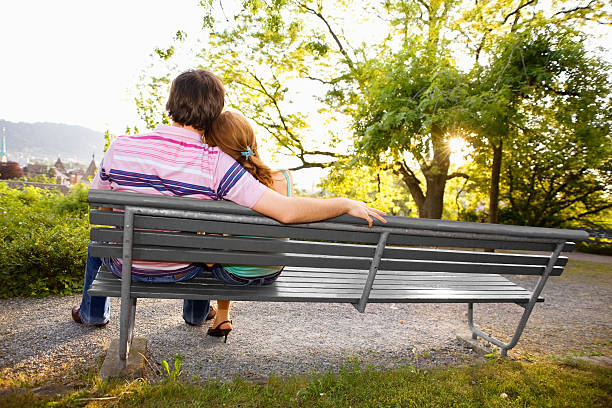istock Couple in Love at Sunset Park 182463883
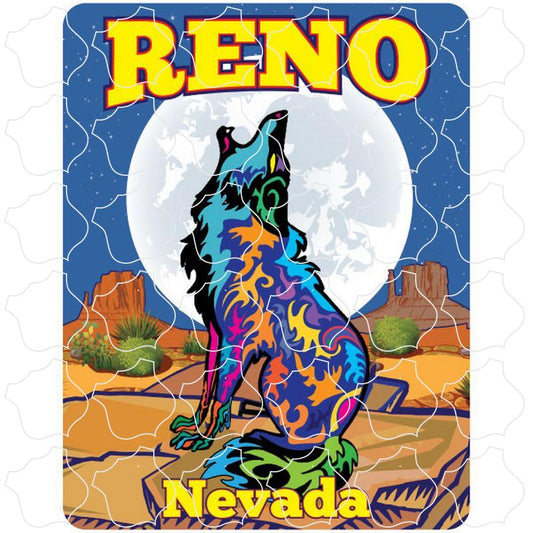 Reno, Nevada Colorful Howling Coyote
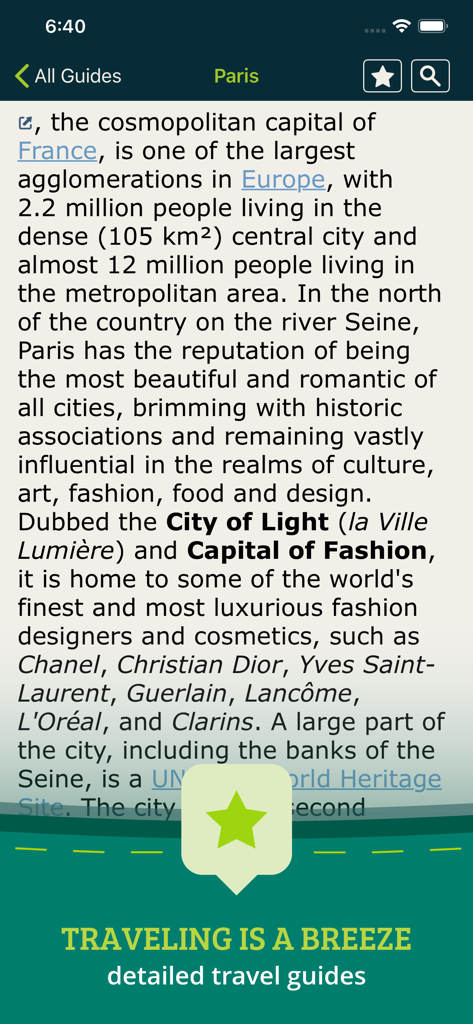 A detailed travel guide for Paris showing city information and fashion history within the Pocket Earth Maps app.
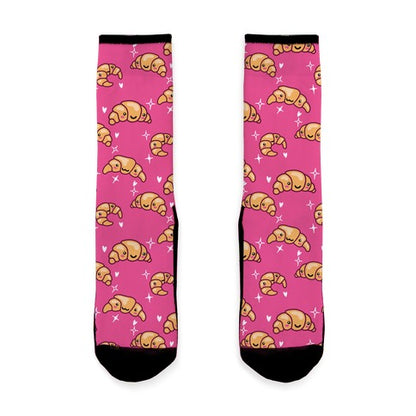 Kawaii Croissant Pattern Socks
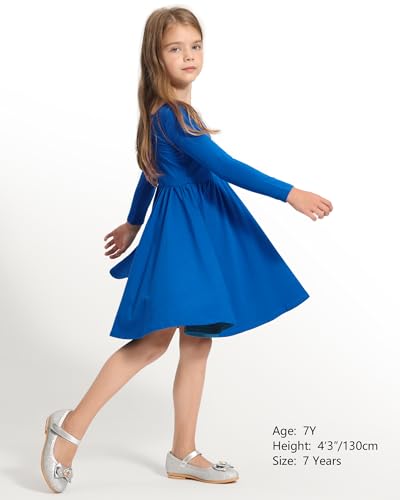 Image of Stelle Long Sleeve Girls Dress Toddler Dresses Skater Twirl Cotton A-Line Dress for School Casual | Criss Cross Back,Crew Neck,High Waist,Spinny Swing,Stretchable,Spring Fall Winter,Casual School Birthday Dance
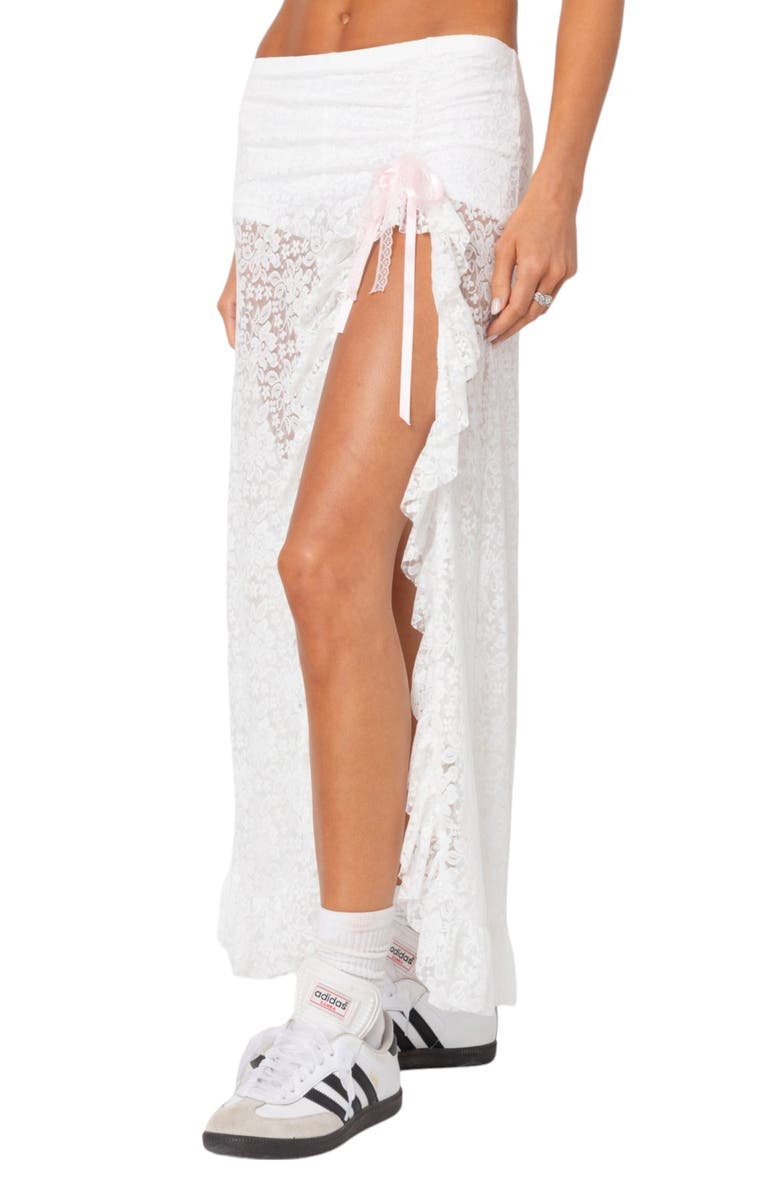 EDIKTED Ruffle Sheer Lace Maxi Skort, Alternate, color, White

————————

> What to produce
Write out the material exactly as it stands, omitting every picture.

> Response below
istock Couple in Love at Sunset Park 182463883
 Reno, Nevada Colorful Howling Coyote
 A detailed travel guide for Paris showing city information and fashion history within the Pocket Earth Maps app.
 Kawaii Croissant Pattern Socks
 Image of Stelle Long Sleeve Girls Dress Toddler Dresses Skater Twirl Cotton A-Line Dress for School Casual | Criss Cross Back,Crew Neck,High Waist,Spinny Swing,Stretchable,Spring Fall Winter,Casual School Birthday Dance
 EDIKTED Ruffle Sheer Lace Maxi Skort, Alternate, color, White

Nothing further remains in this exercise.